After graduating high school, O'Brien packed his bags and left to launch a career in Los Angeles, doing a little bit of everything from working as a director's assistant to publicity for feature films.
"It just wasn't as fulfilling as I thought it'd be, even though it was what I always wanted to do," O'Brien said. "I decided I needed to have something more fulfilling in my life."
Looking back on his trajectory, O'Brien called his segue into the classroom "natural," especially coming from a family with a history of teaching, dating back to his great-grandfather.
"I always enjoyed school as a student and always had some amazing teachers that made a difference in terms of sparking my interest in school and different subjects," he said. "I knew I was going to go to college, so I always had a career path in continuing my own personal education."

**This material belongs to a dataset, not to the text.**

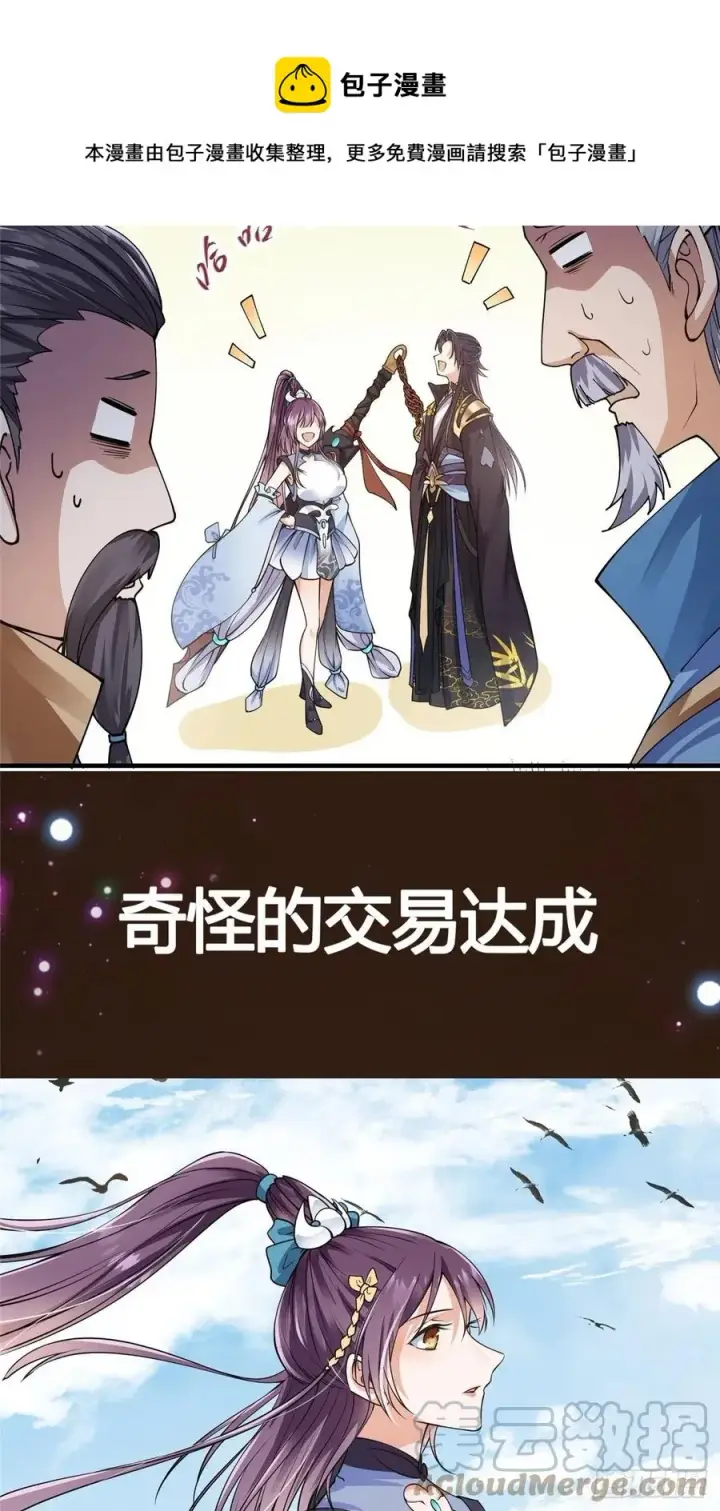 《掌门低调点》058 剑尊之女李南薇图49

O'Brien first considered teaching as a career during college when he was working at a sleep-away camp in New Hampshire.
"I really enjoyed working with kids and influencing them and getting to know them and always thought teaching would be a real natural career for me because of my personality and my way of working with kids. I always put that on the back shelf as another possibility," O'Brien said.
A few years later, O'Brien was participating in a company-wide volunteer day while working for Paramount Pictures that rekindled his dormant interest in education. "Working with the kids in the classroom, donating my time, I realized I really enjoyed it much more than what I was doing," he added.
O'Brien made a decision to completely stop his career in television and film and came back to the Bay Area to get his teaching credential from Dominican College in San Rafael. He then applied to teaching positions with a number of school districts, but PUSD wasn't one of them.
"The funniest part is I personally didn't apply to Pleasanton," O'Brien said. "I was living with my grandmother in the city and taking care of her while I went back to school ... and when it came time to apply to positions, it was the old send in the mail, it wasn't electronic.
"I was getting ready to go to the post office with about eight applications and noticed that day was the due day for Pleasanton Unified and so I thought if I mailed it, it's not going to get there in time, so I purposely didn't mail that one, I left it on the kitchen table," he continued.
"My grandmother thought I'd dropped it and she put a stamp on it and gave it to the mailman, so it was out of sight, out of mind for me. When Pleasanton called me up for a job interview, I said, 'I didn't apply to you guys,' and they said, 'Well, we have your information right here so come on in for an interview,' and the rest was history -- so I owe that to my grandmother."
Since then, O'Brien has been a popular teacher and administrator during 21 years with the district, including five years teaching at Donlon Elementary and another 12 years in the classroom at Hearst Elementary.
He said he enjoyed the past four years at Pleasanton Middle, but likes his new school because "there's fewer students so I feel like I could almost focus more on the elementary kids."
O'Brien envisions creating "a place where kids are learning but that they love to come here to learn," but he also has another all-encompassing goal for the campus.
"You could say a goal like we're going to improve 5% more on the state test scores -- what does that really mean other than we're teaching kids as best we can," he said. "It has to be deeper than that -- are we reaching all the needs of our kids? Socially, emotionally, academically, behaviorally. The main goal is to focus on all those things collectively."